Beyond Nature Vs. Nurture: Parental Guidance Boosts Child's Strengths, Shapes Development

Why does a child grow up to become a lawyer, a politician, a professional athlete, an environmentalist or a churchgoer?

It's determined by our inherited genes, say some researchers. Still others say the driving force is our upbringing and the nurturing we get from our parents.
But a new child-development theory bridges those two models, says psychologist George W. Holden at Southern Methodist University in Dallas. Holden's theory holds that the way a child turns out can be determined in large part by the day-to-day decisions made by the parents who guide that child's growth.
"This model helps to resolve the nature-nurture debate," Holden says. "Effective parents are taking nature into account in their nurturing. It's a slightly different twist."
Parental guidance is key Child development researchers largely have ignored the importance of parental "guidance," Holden says. In his model, effective parents observe, recognize and assess their child's individual genetic characteristics, then cultivate their child's strengths.
"It's been said that parents are the 'architect' or the 'conductor' of a child's development. There are lots of different synonyms, but the terms don't capture the essence that parents are trying to 'guide,'" Holden says. "Some parents have more refined goals -- like wanting their child to be an athlete or to have a particular career. Some have more general goals -- such as not wanting their child to become a criminal. But all are positive goals."

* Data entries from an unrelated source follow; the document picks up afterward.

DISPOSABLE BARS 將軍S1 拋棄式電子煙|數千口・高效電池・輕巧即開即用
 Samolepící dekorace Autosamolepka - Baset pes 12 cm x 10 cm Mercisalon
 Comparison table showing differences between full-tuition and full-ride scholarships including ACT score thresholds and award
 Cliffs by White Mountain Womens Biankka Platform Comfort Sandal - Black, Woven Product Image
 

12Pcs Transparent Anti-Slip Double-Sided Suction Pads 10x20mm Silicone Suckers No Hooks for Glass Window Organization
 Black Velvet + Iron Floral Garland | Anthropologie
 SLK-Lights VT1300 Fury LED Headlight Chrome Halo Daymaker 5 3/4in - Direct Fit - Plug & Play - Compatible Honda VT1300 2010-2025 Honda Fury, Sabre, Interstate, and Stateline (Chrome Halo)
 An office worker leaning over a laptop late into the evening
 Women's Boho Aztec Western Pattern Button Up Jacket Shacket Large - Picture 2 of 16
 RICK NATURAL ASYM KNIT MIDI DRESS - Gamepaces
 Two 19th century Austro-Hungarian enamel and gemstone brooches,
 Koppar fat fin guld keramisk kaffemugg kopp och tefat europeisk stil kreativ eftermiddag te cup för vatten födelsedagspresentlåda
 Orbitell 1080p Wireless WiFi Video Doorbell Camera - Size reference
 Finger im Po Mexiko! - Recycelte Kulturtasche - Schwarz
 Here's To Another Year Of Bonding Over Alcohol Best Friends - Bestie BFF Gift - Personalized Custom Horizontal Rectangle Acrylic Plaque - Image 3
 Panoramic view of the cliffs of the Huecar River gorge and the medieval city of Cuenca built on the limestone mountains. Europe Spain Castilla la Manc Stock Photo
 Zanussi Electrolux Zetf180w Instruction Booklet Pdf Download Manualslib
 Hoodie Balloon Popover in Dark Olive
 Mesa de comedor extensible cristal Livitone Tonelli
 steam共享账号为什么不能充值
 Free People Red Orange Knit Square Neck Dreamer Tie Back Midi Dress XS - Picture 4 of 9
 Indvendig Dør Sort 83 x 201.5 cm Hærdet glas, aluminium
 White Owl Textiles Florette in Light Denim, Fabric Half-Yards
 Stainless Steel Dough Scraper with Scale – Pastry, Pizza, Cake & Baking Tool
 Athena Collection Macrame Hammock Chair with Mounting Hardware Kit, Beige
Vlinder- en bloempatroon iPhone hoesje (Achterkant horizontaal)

Holden describes and explains his theory and research in the article "Childrearing and Developmental Trajectories: Positive Pathways, Off-ramps, and Dynamic Processes" in the current issue of the journal Child Development Perspectives. The theory is also detailed in his child psychology textbook, "Parenting, A Dynamic Perspective," published by Sage Publications Inc., 2010.
Parents help or hinder progress
In decades past, researchers have studied many aspects of parenting that Holden describes as "unidimensional" and easier to quantify than guidance. Examples include: how parents reinforce their children's behavior, punish their children or show them love and warmth.
Only in the last decade have researchers studied the role parents play in helping or hindering their child's progress toward -- or abandonment of -- a particular course of development, he says.
"It's not an easy set of behaviors to observe and quantify because it's more complex in that it relates to parental goals that they have for their children," he says. "It's also multi-faceted. It's not a simple unitary behavior that can be easily and reliably counted up. So there are methodological reasons it hasn't been studied, and there are also biases and theoretical orientations that have neglected this."
The time has come, however, to understand the impact of parental guidance, Holden says. Sophisticated statistical procedures now allow new research techniques such as growth-curve modeling and group-based trajectory analysis. Other child development experts have ventured into the interaction between child and parent trajectories, says Holden. He hopes many more will join in advancing the concept, which he considers critical to understanding child development.